Prediction and Hypothesis Formulation using DMax Chemistry Assistant - DMax001 & DMax002
Researcher: Andrew Lang

We report on the use of PharmaDM's DMax Chemistry Assistant to formulate hypotheses about solubility in methanol. Data used in this analysis is from the Open Notebook Solubility Challenge. Summary data for methanol was collected 2010-08-31 (live data) and solutes that reacted with methanol and solutes that are liquid at 25C were removed. This left 146 solubility values which we sorted alphabetically.

DMax requires sdf format for molecules as input, so we converted from SMILES to 3D sdf using OpenBabel 2.2.3 via the command line and added key values d1-d146 manually (data in sdf format).

DMax001

The sdf file was run through DMax using the default settings and with only the solubility values as observed values in the creation of hypotheses.This resulted in a DMax Chemistry Assistant (MethanolPrediction001.dca) model that can be used to predict the solubility in methanol (RMSE: 2.26, Correlation: 0.34, Rank Correlation: 0.62), see figure 1 for the results.
DMAXmodel001.png
Figure 1. Predicted vs. Measured Solubility in Methanol - DMax001

In addition to building models that you can share, DMax automatically formulates hypotheses about the data. For the data above, it hypothesizes (only showing hypotheses where the p-value <= 0.25):
For "Why High M?":
The compounds contains a carboxylic acid and the compound contains an aliphatic chain. (p-value: 0.25)
 
For "Why Low M?":
The compound contains an amine. (p-value: 0.03)
The compound contains a non-aromatic ring. (p-value: 0.15)
The compound contains a non-aromatic 6-ring. (p-value: 0.17)
The compound contains a methyl group. (p-value: 0.17)
The compound contains a hetero-aromatic ring. (p-value: 0.17)

DMax002

As well as having its own set of molecular descriptors (electron flow, element, moiety, and structure relationship), DMax allows you to upload your own descriptors to include in the hypothesis creation stage. To see how this worked, we created CDK descriptors by running the sdf file through Rajarshi Guha's CDK Descriptor Calculator Gui (v 1.1.1). We deleted columns that had any "NA" entries and columns with integer entries whose sum was less than three. This left the data with 176 descriptors.

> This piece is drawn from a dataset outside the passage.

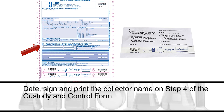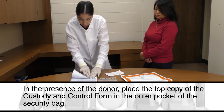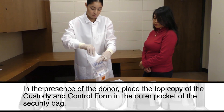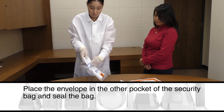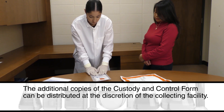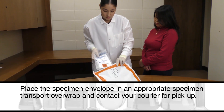Date, sign, and print the collector name in step four of the custody and control form. Have the donor date, print, and sign their name in step five of the custody and control form. In the presence of the donor, place the top copy of the custody and control form in the outer pocket of the security bag. Place the envelope in the other pocket of the security bag and seal the bag. The additional copies of the custody and control form can be distributed at the discretion of the collecting facility. Place the specimen envelope in an appropriate specimen transport over wrap and contact your courier for pickup.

We re-ran the sdf file through DMax, again using the default settings, but this time we incorporated the CDK descriptors with the inbuilt DMax molecular descriptors. Doing so resulted in a second DMax Chemistry Assistant (MethanolPrediction002.dca) model that can be used to predict the solubility in methanol (RMSE: 1.76, Correlation: 0.64, Rank Correlation: 0.68), see figure 2 for the results.
DMAXmodel002.png
Figure 2. Predicted vs. Measured Solubility in Methanol - DMax002

The hypotheses now include CDK descriptors (only showing hypotheses where p-value <= 0.15):
For "Why High M?":
VP-5 < 0.25 and geomShape > 0.59 (p-value: 0.01)
WPTP-1 < 22.11 and XLogP > 0.52 (p-value: 0.03)
 
For "Why Low M?":
The compound contains an amine. (p-value: 0.03)
WSNA-2 < -93.32 and LOBMAX < 1.82 and PPSA-3 > 23.67 (p-value: 0.04)
PNSA-2 < -221.74 (p-value: 0.05)
The compound contains a non-aromatic ring. (p-value: 0.15)

Conclusion

DMax Chemistry Assistant can be used to create simple solubility models that can be shared and used to make predictions. However, the real value of DMax Chemistry Assistant lies in its ability to quickly and automatically formulate statistically significant scientific hypotheses that best match your data.